I disagree. I consider the potential and implied
threats posed by this bill to be as severe as the threat
which was embodied in H.R. 212.
By its own statement of purpose, this is a bill "to
maximize the availability of credit for national priority
uses." Is it not reasonable to conclude that commercial
banks reporting credit extensions not included in the
specified national priority list will be under pressure to
conform and if conformity is not forthcoming, that quotas
will be established for so-called national priority uses?

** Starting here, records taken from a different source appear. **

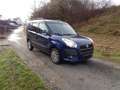 Fiat Doblo Doblo Cargo Natural Power SX - thumbnail 2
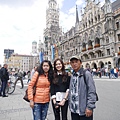 50P1710539.jpg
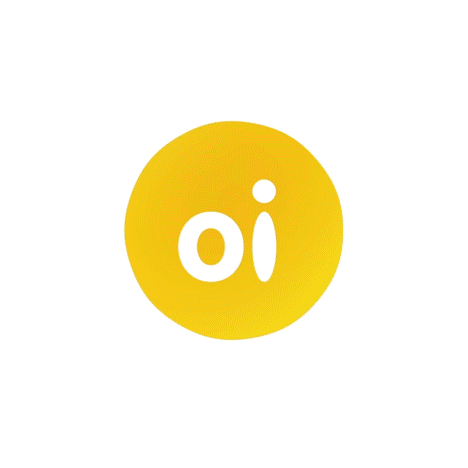 Wolff Olins sound-reactive logo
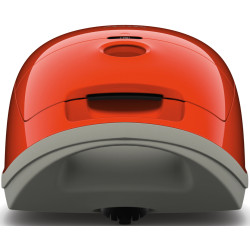 Пылесос Miele Guard M1 (Terra Red) Thumb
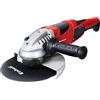 Einhell TE-AG230 Smerigliatrice Angolare 230Mm 2000W 240V EINTEAG230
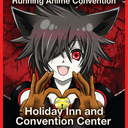 arkansasanimefestival avatar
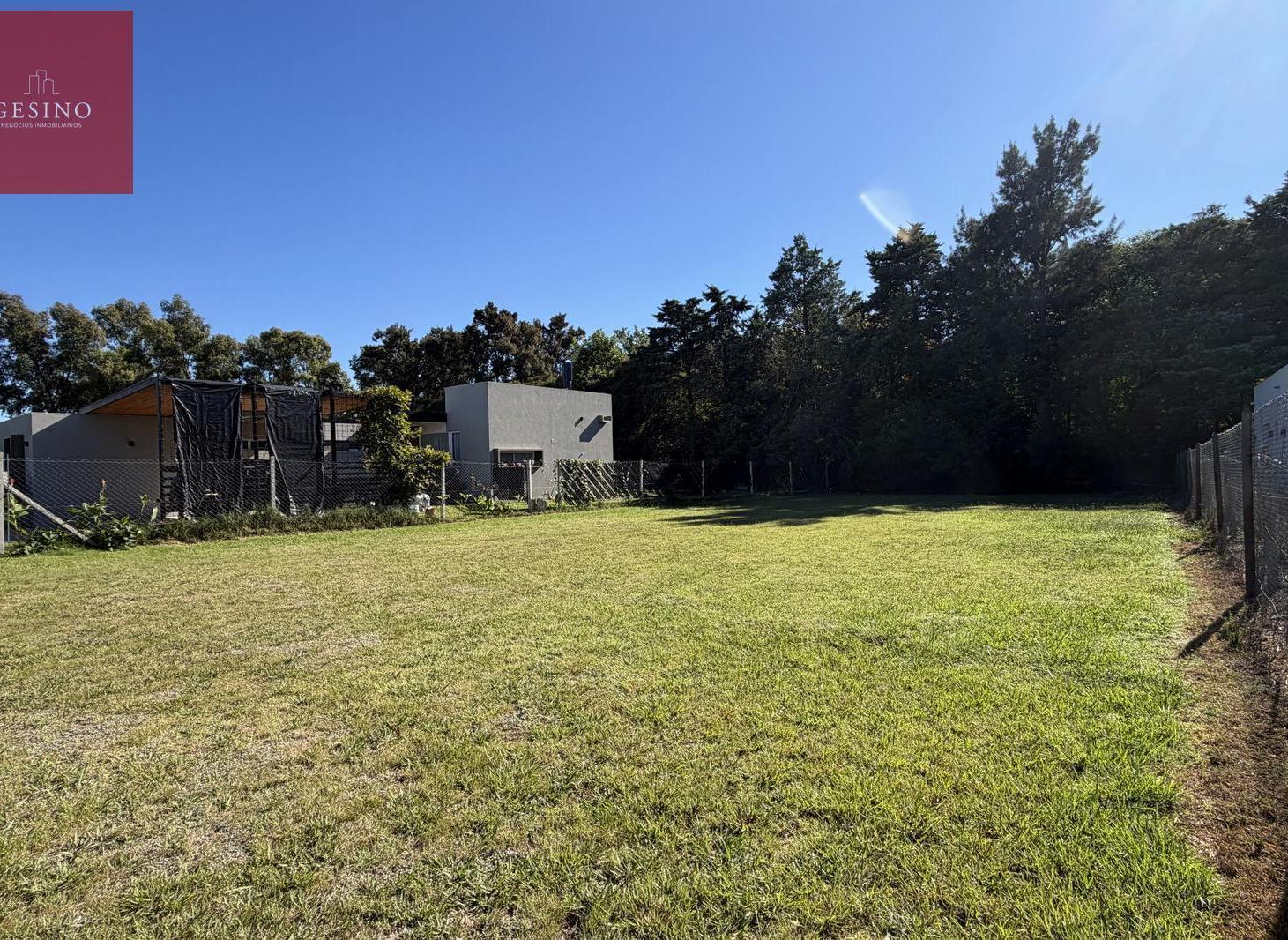 Foto de Terreno en Villa Elisa, imagen 5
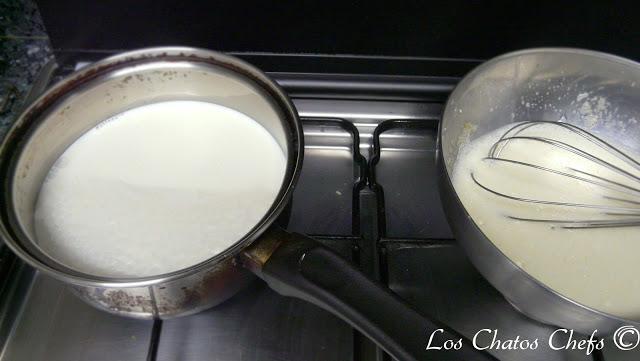 Todo un clásico: Lionesas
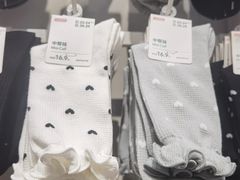 -hotwind热风(中贸广场店)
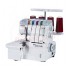 Janome 744D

There is no way that I can interpret subsection 2e
except as an effort to exercise direct Congressional control
over specific uses of bank credit, with the Federal Reserve
System serving as an intermediary. Even assuming that I
am in error and that the intent is only to assure that the
Congress is fully informed as to the uses of our limited
supply of credit, H.R. 6676 will not serve that purpose.
In fact, the information that would be collected would
be largely meaningless. In the first place, money is
fungible. Ultimately, there is no way for a lender to be
certain of the end use of the proceeds of any particular
borrowing.
Secondly, the wording of the eight national priority
categories calls for value judgments on the part of the
Federal Reserve Board and the reporting banks. I sincerely
doubt whether there would be agreement, even among the
members of this Committee, as to whether any given loan
for capital investment was for "productive" or non-productive
purposes or whether equipment purchased was "essential."
Who is to say what constitutes a "normal" working capital
need in an economic environment where change and flexibility
are the rule rather than the exception? This attempt to
describe in a few simple definitions what are essentially
complex value judgments seems to me to be of questionable
value, even assuming the best efforts at good faith compliance.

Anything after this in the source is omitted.